Jesus wasn’t kidding when He said what He did about wealth any more than He was kidding when He said what He did about relationships. God’s kingdom, God’s rule, God’s way of using power are entirely incompatible with our way of using power to maintain our wealth and shut the rest of the world out of it. ‘Charity’ — the practice of doling out money from our considerable wealth to those who are poor in a way that in no way changes their lack of access to wealth and power — is a seductive trap that consolidates our power, adding to it even the power of doling out life and death around our choices of how much to give and to whom; and yet it lets us feel particularly generous and self-righteous in the process.

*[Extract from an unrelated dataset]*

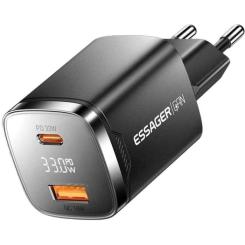 Зарядное устройство Essager 1xUSB-C + 1xUSB 33W GaN black Фото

Jesus is not calling us to make some minor tweaks in our relationship to wealth. He’s calling us to something far more radical and far more transforming; he’s calling us to reconciliation, with one another and with God.

That’s no small thing. It’s huge. Nothing will be the same, and yet that’s what we need to do to be more fully ourselves, more fully human in God’s image, more fully alive in the eternal life that God offers. That’s why Jesus talks about it as he does in this Sunday’s gospel, putting nothing in parentheses for ‘optional discipleship’.

Jesus is not just talking about a few minor tweaks to financial planning; he’s talking about a new world. And yes, that means new ways of relating to one another. Jesus’ words about what the world means when it says “family” were at least as shocking in his own culture as they are in ours.

And yet there it is. He said it. He meant it. There’s no preacher’s trick that will get us with any integrity from what Jesus taught and how Jesus lived and died to “God wants you to be respectable, but MORE so.”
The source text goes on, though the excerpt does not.